L’Amérique du New Deal aurait pu, dès l’après-guerre, opter pour un système à l’européenne si les entreprises, dès 1941, n’avaient précédé l’Etat. En mal de main-d’£uvre et soumises au gel des salaires, les industries fidélisent leurs ouvriers en prenant en charge leur couverture santé par le biais de mutuelles sans but lucratif. Dans la croissance et le plein-emploi des années 1950, ce système donne naissance à une nuée d’assurances privées, qui bientôt modulent leurs tarifs en fonction des risques médicaux de leurs clients. Résultat ? En 1957, la moitié des retraités américains, trop pauvres pour se payer une assurance, dépendent des soins caritatifs d’un médecin de quartier ou d’un hôpital public.

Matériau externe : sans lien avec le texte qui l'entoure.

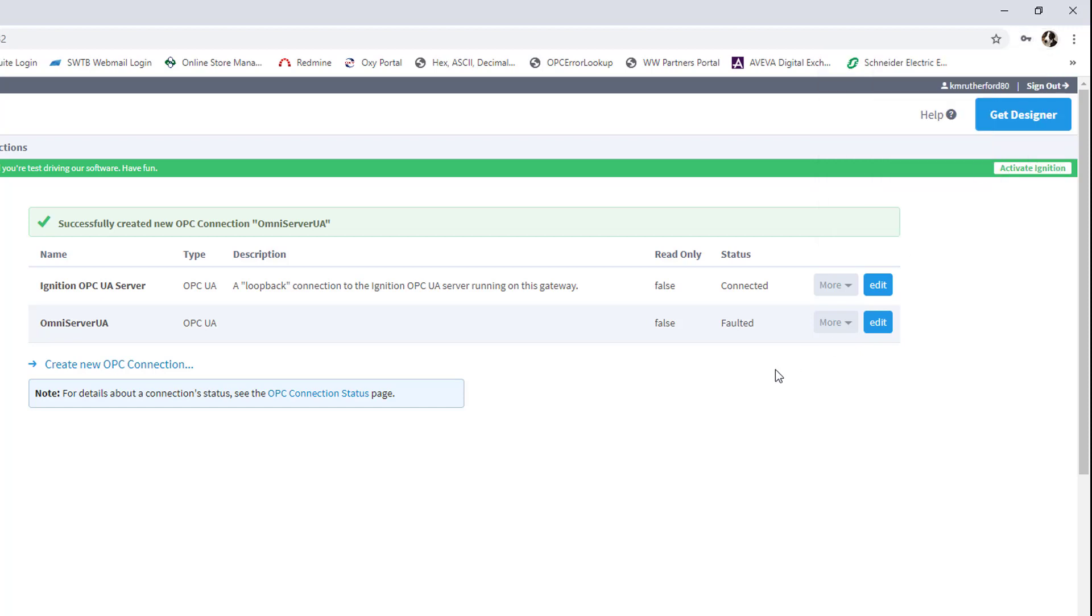I'm not going to save that. Now, you can see that my status reads as faulted. Now, this is because we need to establish a trust relationship for the certificates exchanged between OmniServer and Ignition.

Il aura fallu attendre huit ans pour que le président Lyndon Johnson crée enfin le Medicare, puis le Medicaid, réservé aux plus pauvres. En prenant en charge les Américains les plus vulnérables, l’Etat laisse aux entreprises et à leurs assurances privées le vaste marché de la classe moyenne.  » Le système a bien fonctionné pendant vingt-cinq ans, explique Rashi Fein. Car les syndicats étaient assez puissants pour s’opposer aux réductions de couvertures médicales et le prix de la médecine restait abordable. « 

A présent, l’augmentation annuelle de 15 % des frais d’assurance étrangle les PME, principales créatrices d’emploi. Cette hausse incessante est due à l’essor du high-tech médical, aux coûts exorbitants de la recherche pharmaceutique, au vieillissement de la population, autant qu’aux effets pervers du système lui-même.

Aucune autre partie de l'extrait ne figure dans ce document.